Жизнь, однако, не сводится к уродствам. Основной поток ее несет нам диалог вероисповеданий, диалог, в котором сохраняются древние каноны, но постепенно смягчается их несовместимость. Это означает медленное, но неуклонное движение внутри каждой традиции — к последней глубине, где наступает великое бесстрастие. Без такого движения в глубину решающий сдвиг невозможен.
В шиитском исламе есть предание о скрытом имаме. В одной из легенд, связанных с этой верой, имам, явившись, не даст никакого нового откровения, но так истолкует все прежние, что исчезнет вражда между «народами книги». Такую задачу, может быть, решат ближайшие несколько веков.
Послесловие
Есть одна современная притча о том, как в наш цивилизованный мир, оснащенный газетами и телевидением, приходит Мессия, в подлинности которого уже никто не сомневается.Он устраивает пресс- конференцию в Вашингтоне, и один корреспондент задает Ему вопрос: в первый или во второй раз он пришел? Считать ли Его появление вторым пришествием, обещанным христианам, или первым, которого ждут иудеи?

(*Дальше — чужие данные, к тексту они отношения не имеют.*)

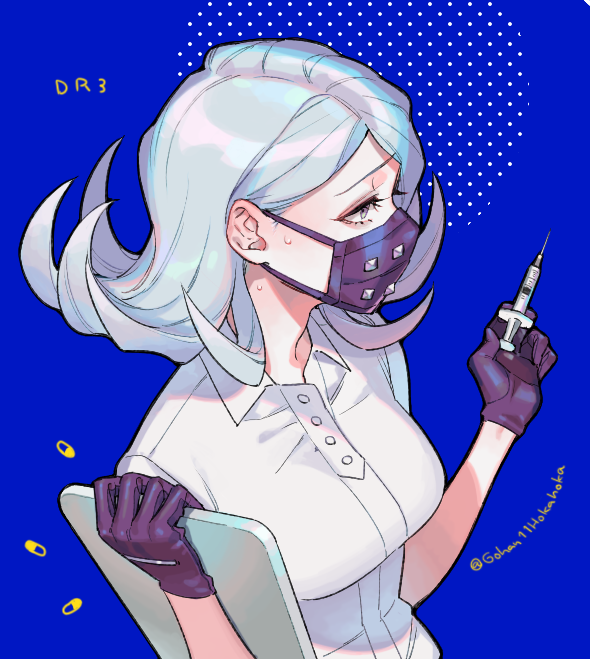 最近描いてたもの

На вопрос этот Мессия отвечать отказывается. Спор таким образом остается неразрешенным и по сей день. Он и не может разрешиться каким бы то ни было внешним образом. Спор о Боге не может разрешить даже сам Бог, пока Он остается внешним авторитетом, — признанным и установленным кем-то, а не тем Безвестным и Безымянным, которого непосредственно узнает сердце.
Богопознание есть прежде всего самопознание.
Человек, не умеющий смотреть внутрь и видеть сквозь покров, никогда не увидит божественной сущности. Ее нет на поверхности, перед глазами, и она не может быть вытянута наружу. Бог не объект, и Его нельзя познать объективно.
Но богопознание нельзя считать и чем-то субъективным. Субъективный взгляд — это взгляд произвольный. Субъектов множество. Бог же — один. Богопознание. есть поиск этого единого — поиск истины, — но не вовне, а внутри, в глубине, общей для всего множества, в той основе жизни, которая нерасчленима.
В процессе богопознания нет никакого самоутверждения, а только бесстрастное созерцание (то, что в православной аскетике называется «чистым умом», «трезвением»). Для чистоты богопознания не нужны и даже вредны экзальтация и какие бы то ни было, даже самые «божественные» видения, которые так или иначе являлись бы доказательством чего-то сверхъестественного. Богопознание есть открытие не видимой на поверхности и потому всегда неведомой глубины естественного — своей собственной глубины.
Чтобы познать Бога, человеку не нужно совершать путешествие по далеким мирам. Человеку нужно только познать себя самого. Но до конца. До самой сущности. Процесс, ведущий с поверхности внутрь, из разрозненных явлений в единую Суть.
Если существует мироздание, значит — существует его единство. Ибо это организм, нечто целостное. Так же как человек. Человеческий организм предполагает некую целостность, единство. Это и есть глубинная тайна организма. Ухо, глаз, рот и даже каждый из двадцати наших пальцев единственны, уникальны и незаменимы. Каждый из них должен быть только на своем месте. И чем более каждый является самим собой, чем более точно он выполняет свою и только свою функцию, тем лучше он служит всему организму, тому самому таинственному целому, которое только и носит имя человека. Ибо ни глаз, ни ухо, ни даже голова и сердце еще не есть человек. Таким же образом любой предмет — еще не реальность.